▸ **Task details**
If pictures appear, leave them out, and return exactly the lines from the one holding "Nike, Scarpe da Wrestling Uomo" through the last line of the listing below.

▸ **Given data**

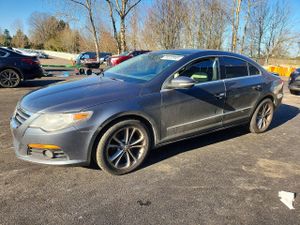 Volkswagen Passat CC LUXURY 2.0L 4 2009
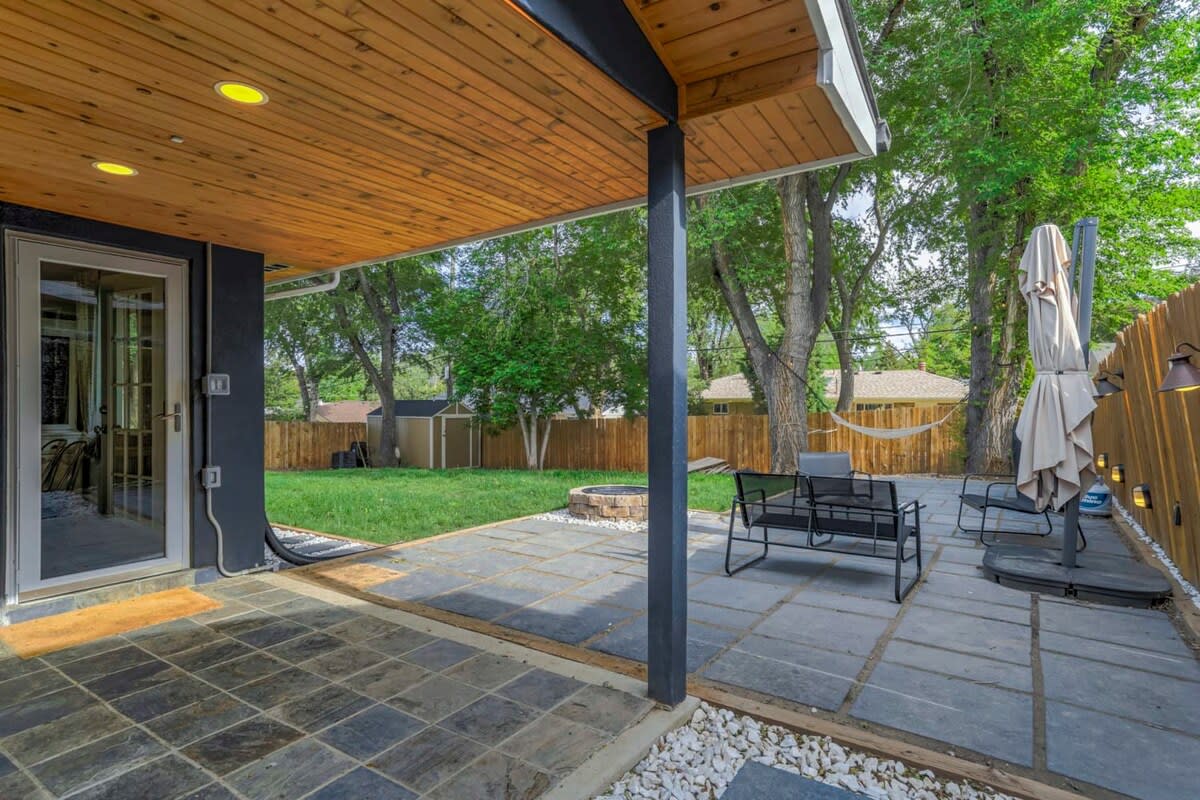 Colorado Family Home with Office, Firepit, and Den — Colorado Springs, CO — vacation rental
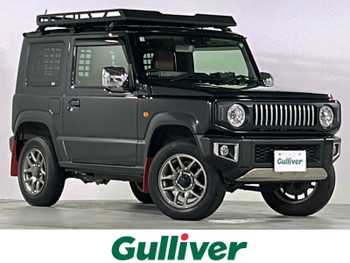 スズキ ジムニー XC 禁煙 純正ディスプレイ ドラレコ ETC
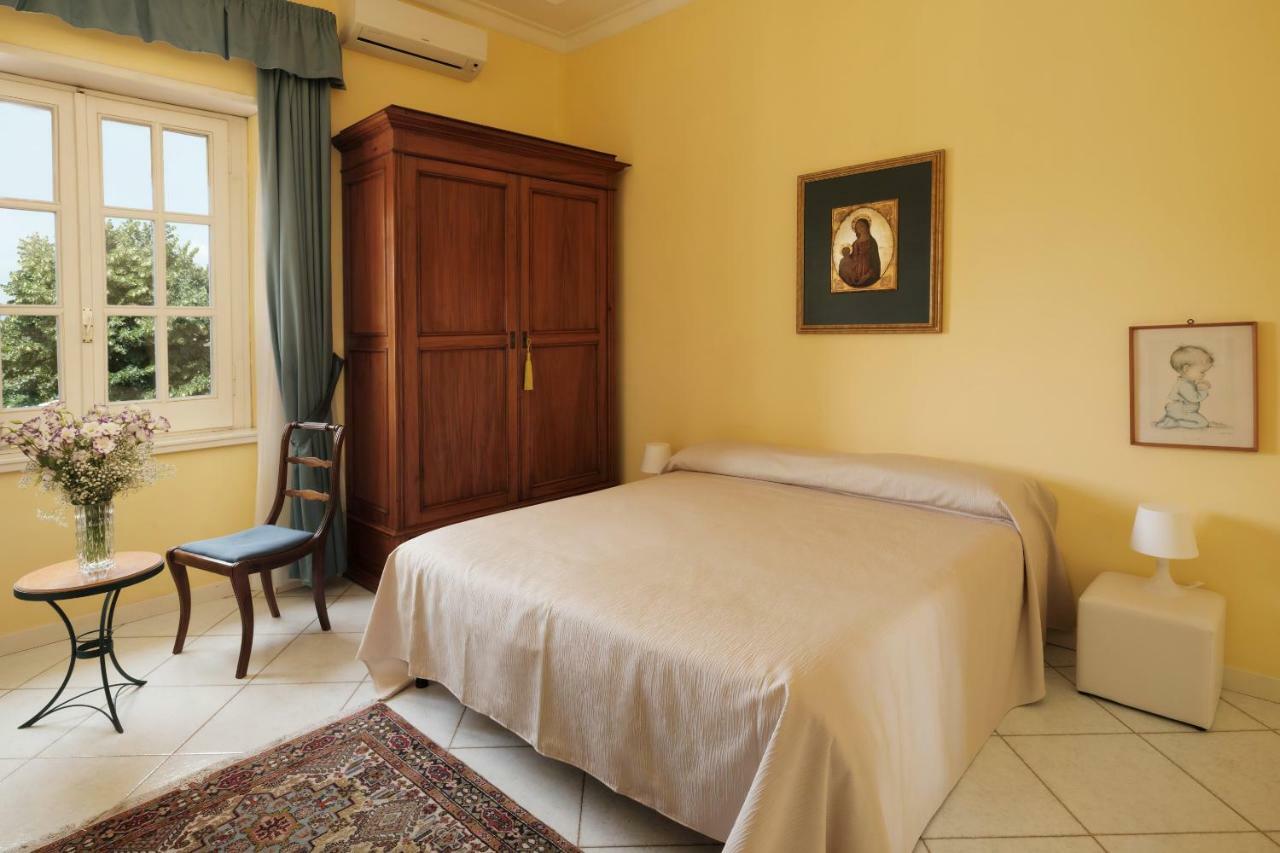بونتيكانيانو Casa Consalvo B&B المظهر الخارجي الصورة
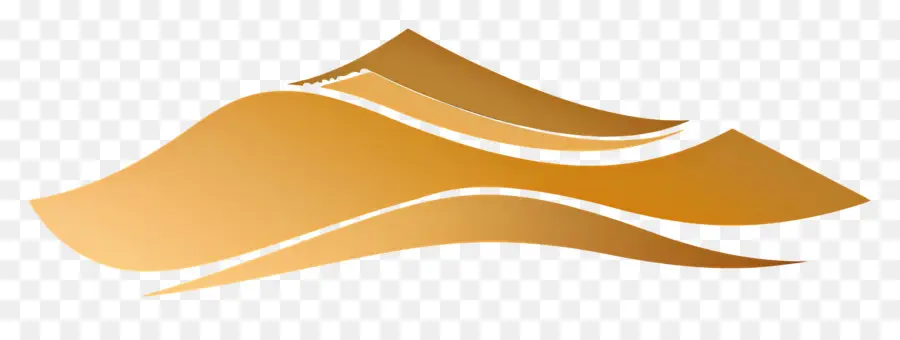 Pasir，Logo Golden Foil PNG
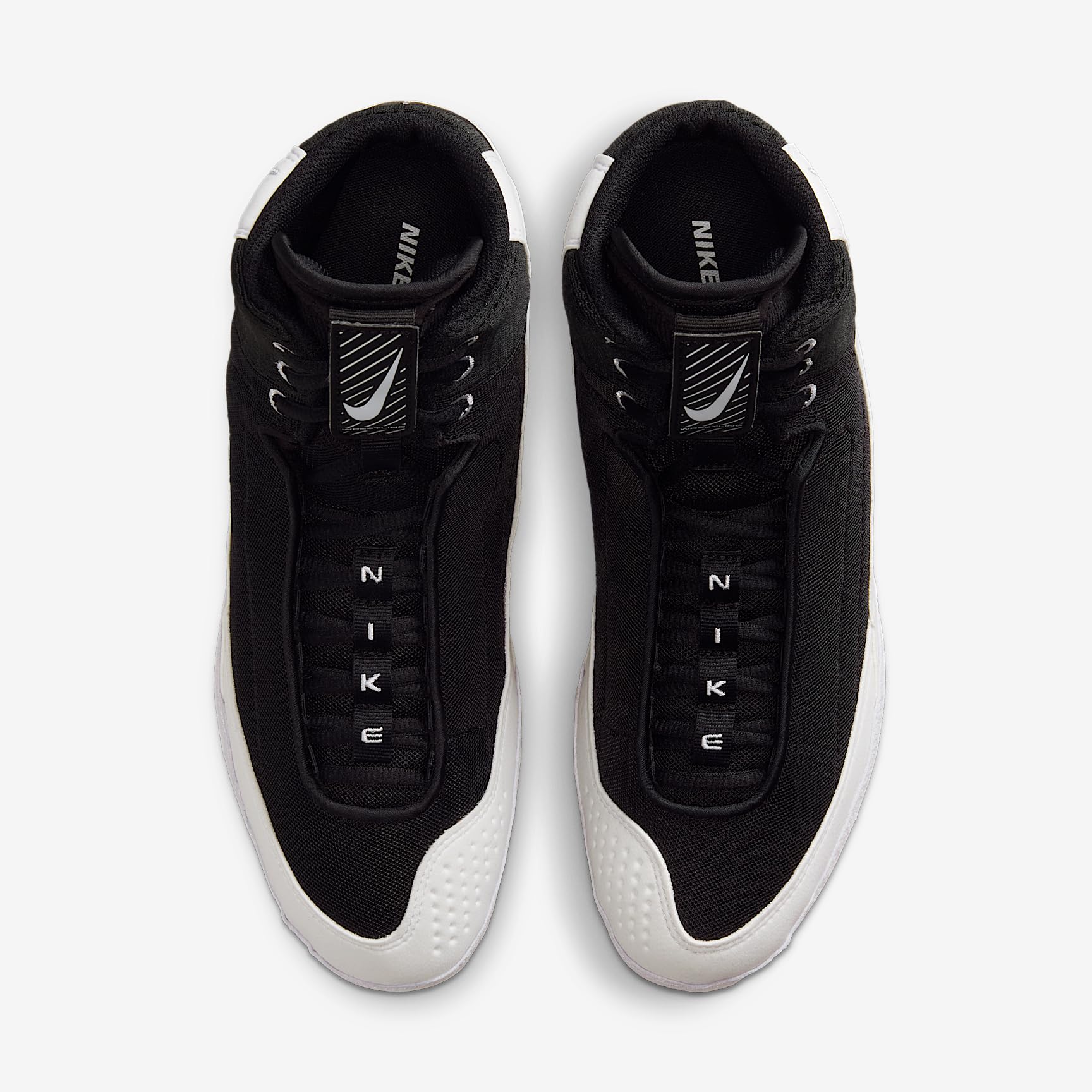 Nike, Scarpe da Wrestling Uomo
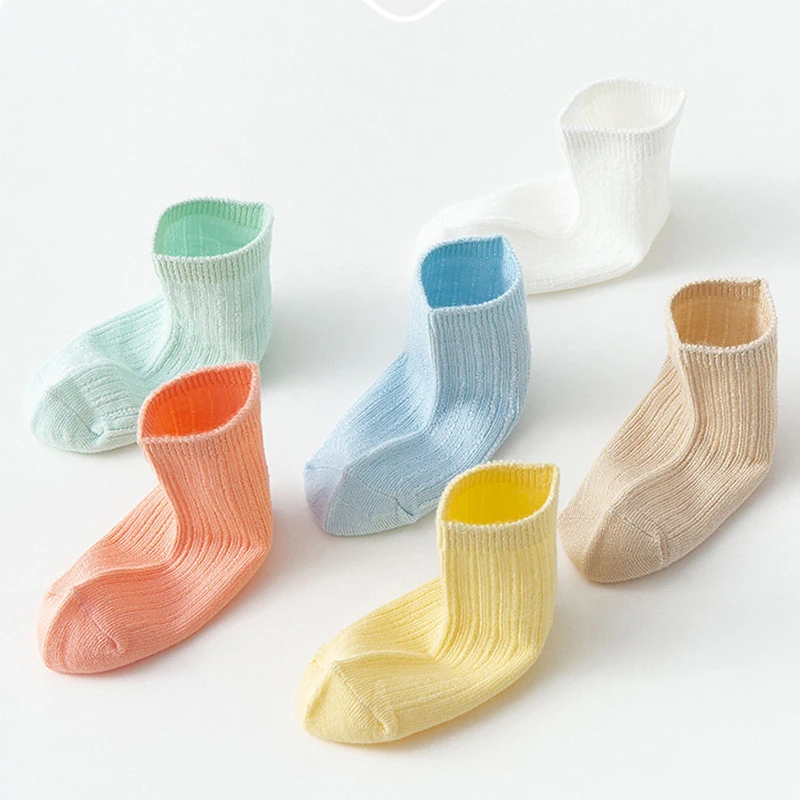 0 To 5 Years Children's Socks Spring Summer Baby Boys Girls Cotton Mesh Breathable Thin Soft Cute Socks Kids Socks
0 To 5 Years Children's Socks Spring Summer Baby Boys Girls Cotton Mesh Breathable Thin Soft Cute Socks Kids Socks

▸ **Your solution**
 Nike, Scarpe da Wrestling Uomo
 0 To 5 Years Children's Socks Spring Summer Baby Boys Girls Cotton Mesh Breathable Thin Soft Cute Socks Kids Socks
0 To 5 Years Children's Socks Spring Summer Baby Boys Girls Cotton Mesh Breathable Thin Soft Cute Socks Kids Socks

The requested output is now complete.